▸ **Problem description**:
Each entry should be copied as it stands, leaving the pictures behind.

▸ **Listed records**:

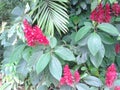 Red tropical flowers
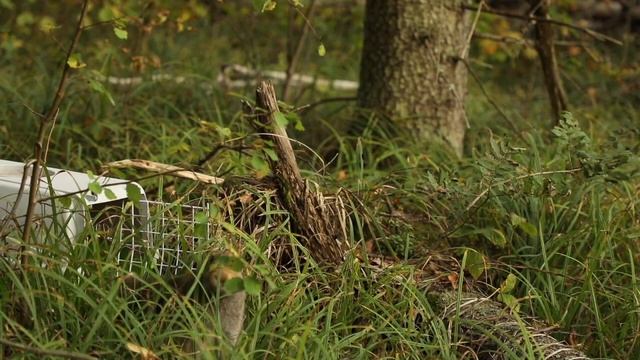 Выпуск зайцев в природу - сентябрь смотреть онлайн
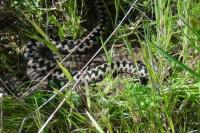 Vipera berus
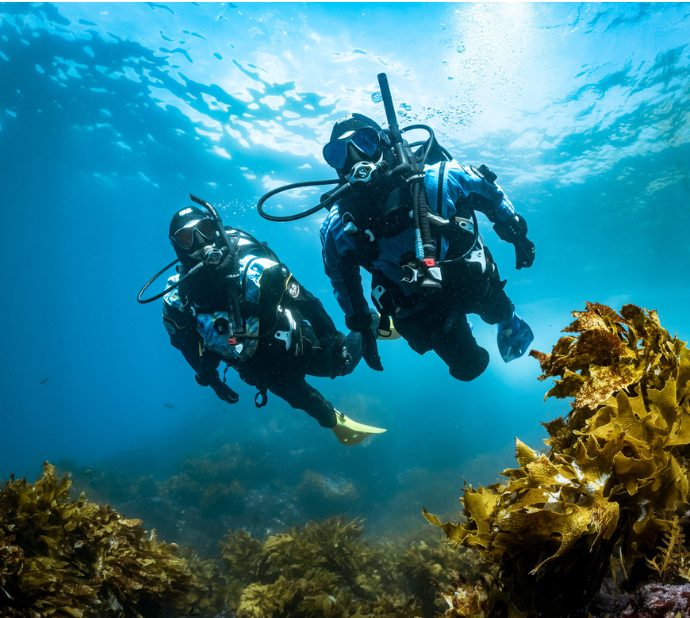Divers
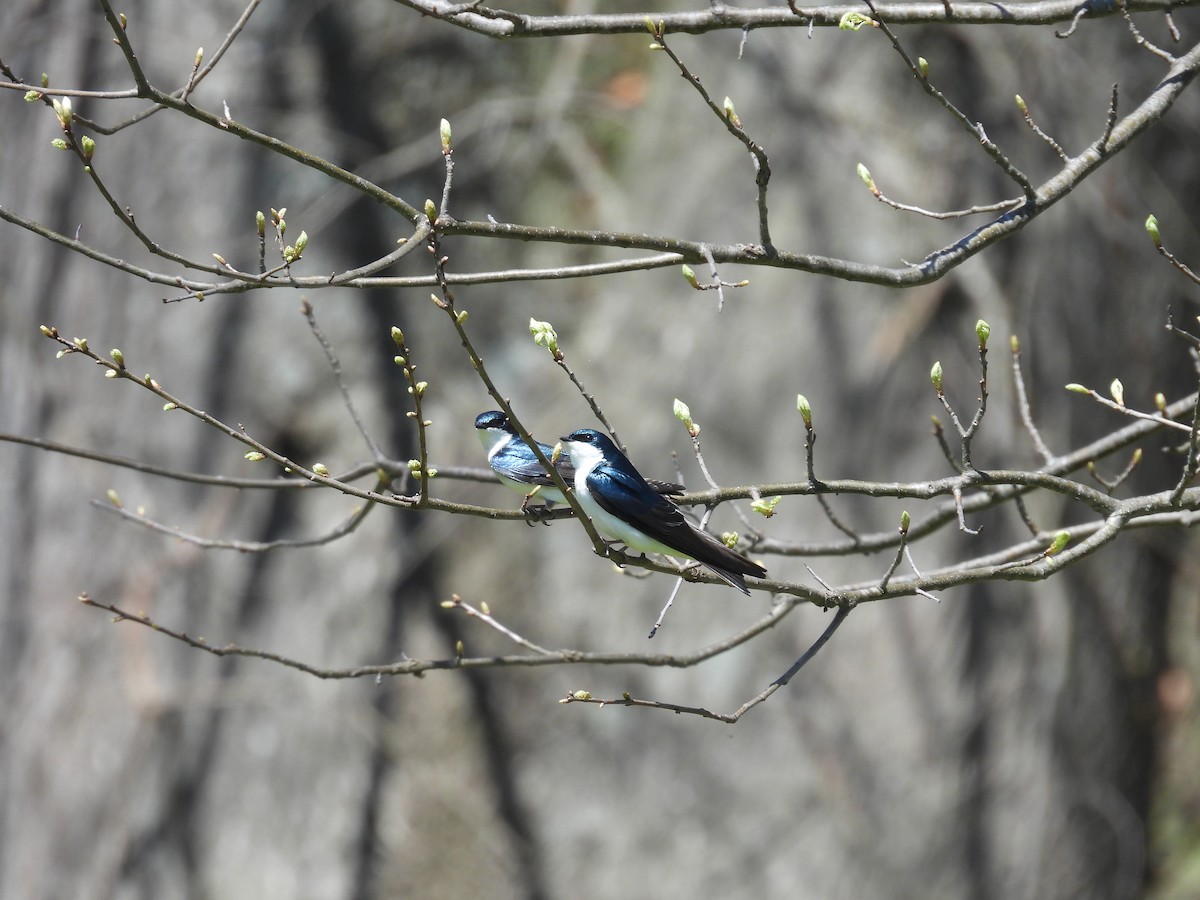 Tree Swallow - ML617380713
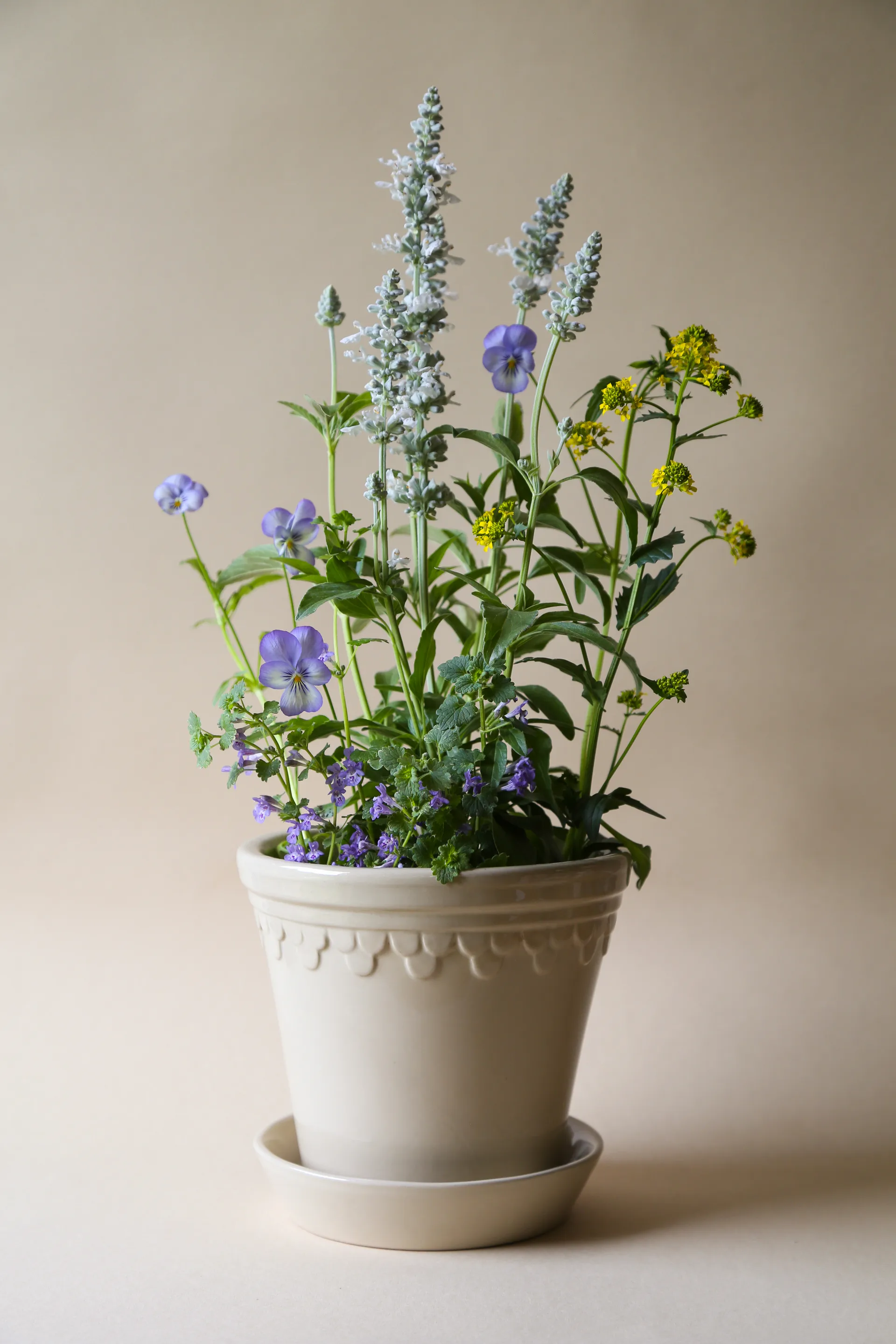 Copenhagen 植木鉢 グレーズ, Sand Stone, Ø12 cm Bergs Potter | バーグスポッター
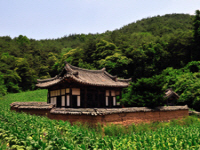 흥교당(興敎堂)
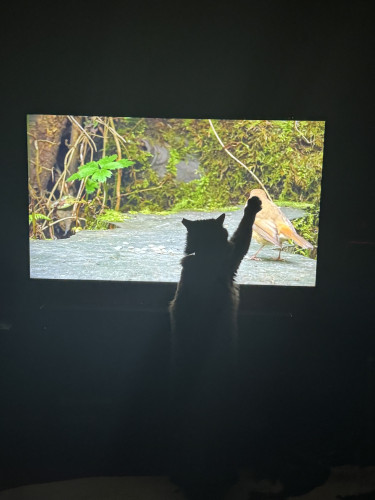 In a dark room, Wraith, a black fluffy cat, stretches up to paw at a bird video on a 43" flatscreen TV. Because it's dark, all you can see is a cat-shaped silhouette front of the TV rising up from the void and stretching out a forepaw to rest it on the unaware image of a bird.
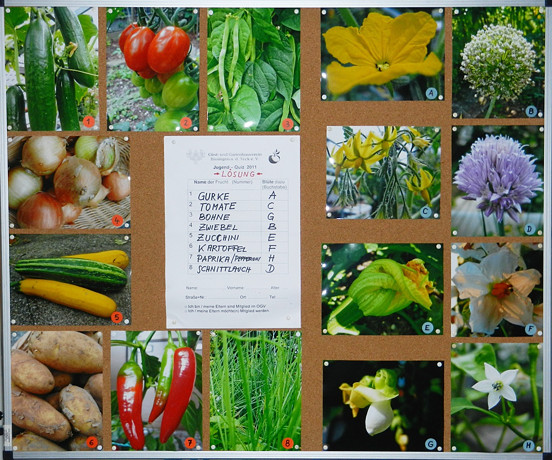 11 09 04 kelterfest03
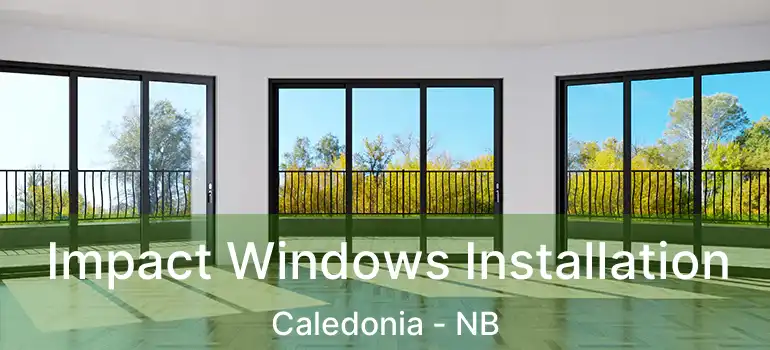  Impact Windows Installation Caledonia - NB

▸ **Solution**:
 Red tropical flowers
 Выпуск зайцев в природу - сентябрь смотреть онлайн
 Vipera berus
Divers
 Tree Swallow - ML617380713
 Copenhagen 植木鉢 グレーズ, Sand Stone, Ø12 cm Bergs Potter | バーグスポッター
 흥교당(興敎堂)
 In a dark room, Wraith, a black fluffy cat, stretches up to paw at a bird video on a 43" flatscreen TV. Because it's dark, all you can see is a cat-shaped silhouette front of the TV rising up from the void and stretching out a forepaw to rest it on the unaware image of a bird.
 11 09 04 kelterfest03
  Impact Windows Installation Caledonia - NB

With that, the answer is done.